To add, the for loop in Cyber's example is a real performance killer when used like that

If you want slightly more performance, simply do this:
(I won't say this is the best possible performance, but it's certainly better)

    def hsv_to_rgb(h, s, v):
        if s == 0.0: v*=255; return (v, v, v)
        i = int(h*6.) # XXX assume int() truncates!
        f = (h*6.)-i; p,q,t = int(255*(v*(1.-s))), int(255*(v*(1.-s*f))), int(255*(v*(1.-s*(1.-f)))); v*=255; i%=6
        if i == 0: return (v, t, p)
        if i == 1: return (q, v, p)
        if i == 2: return (p, v, t)
        if i == 3: return (p, q, v)
        if i == 4: return (t, p, v)
        if i == 5: return (v, p, q)

^ this guarantees int() output with a range of 255 (the input is still the same)

>>> hsv_to_rgb(359./360.,1,1)
(255, 0, 0)

TIP: stay away from 3rd-party where possible, try the direct approach if you can.
exculusions: compiled C extensions such as PIL or NumPy, or ctypes wrappers such as PyOpenGL (uses the DLL)



回答3:

The Hue argument should also vary from 0-1.

import colorsys
test_color = colorsys.hsv_to_rgb(359/360.0, 1, 1)


回答4:

If you are working with Numpy arrays then matplotlib.colors.hsv_to_rgb is quite direct:

import numpy as np
from matplotlib.colors import hsv_to_rgb
# This will create a nice image of varying hue and value
hsv = np.zeros((512, 512, 3))
hsv[..., 0] = np.linspace(0, 1, 512)
hsv[..., 1] = 1.
hsv[..., 2] = np.linspace(0, 1, 512)[:, np.newaxis]
rgb = hsv_to_rgb(hsv)

Note that the input and output images have values in the range [0, 1].



回答5:

I have prepared a vectorized version, it is cca 10x faster

def hsv_to_rgb(h, s, v):
    shape = h.shape
    i = int_(h*6.)
    f = h*6.-i

    q = f
    t = 1.-f
    i = ravel(i)
    f = ravel(f)
    i%=6

    t = ravel(t)
    q = ravel(q)

    clist = (1-s*vstack([zeros_like(f),ones_like(f),q,t]))*v

    #0:v 1:p 2:q 3:t
    order = array([[0,3,1],[2,0,1],[1,0,3],[1,2,0],[3,1,0],[0,1,2]])
    rgb = clist[order[i], arange(prod(shape))[:,None]]

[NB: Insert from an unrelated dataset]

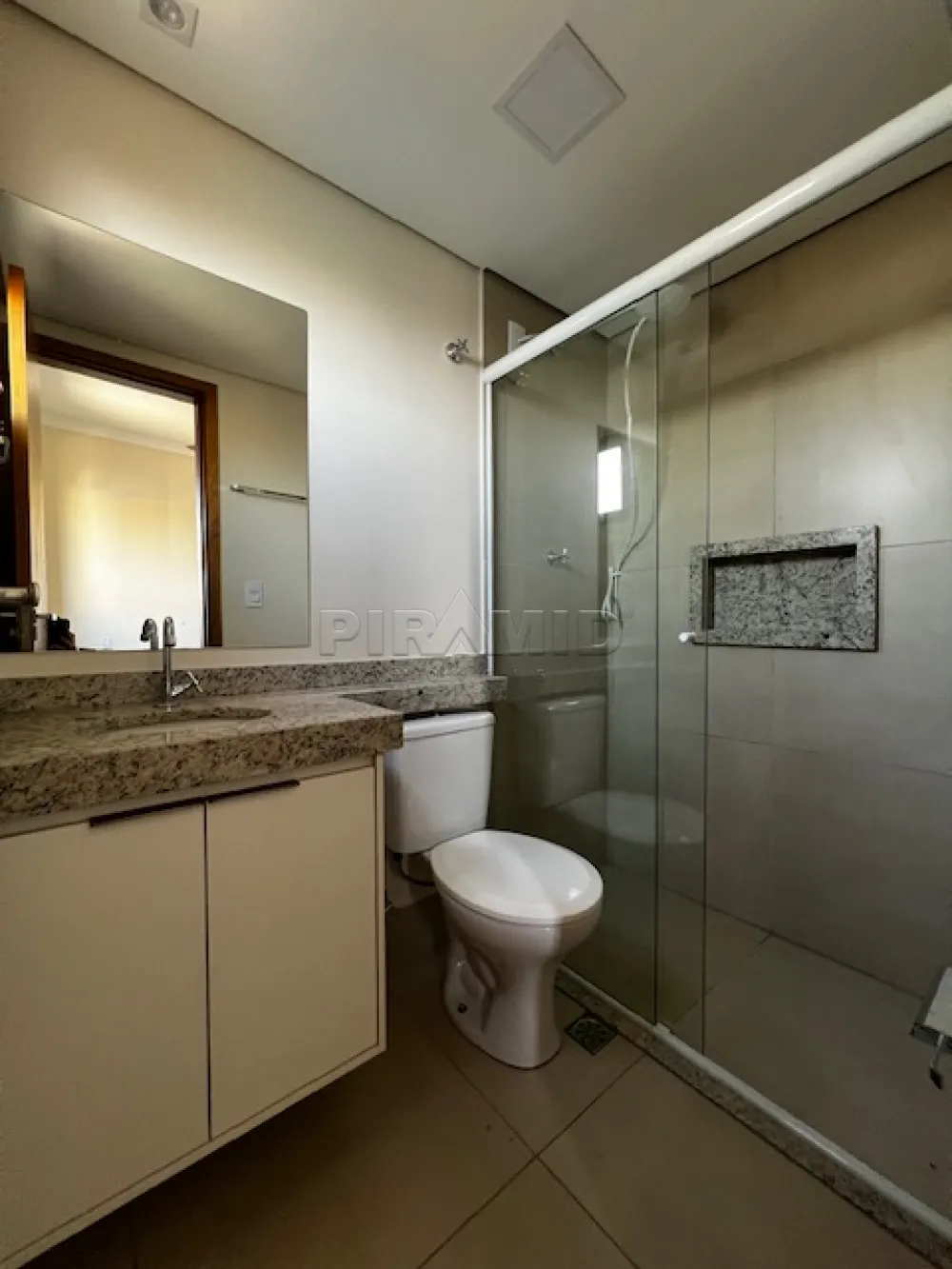 Alugar Apartamento / Padr&atilde;o em Ribeir&atilde;o Preto R$ 1.600,00 - Foto 12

    return rgb.reshape(shape+(3,))


回答6:

I found the following code to work with images represented as numpy ndarrays:

from skimage.io import imread
import matplotlib.colors as mcolors
img = imread( 'my_image.png' )
img_hsv = mcolors.rgb_to_hsv( img )
img_hsv = img_hsv / (1.0, 1.0, 255.0)

The last division was useful to convert to a floating representation between 0.0 and 1.0, as for some reason the last component originally ranged between 0 and 255.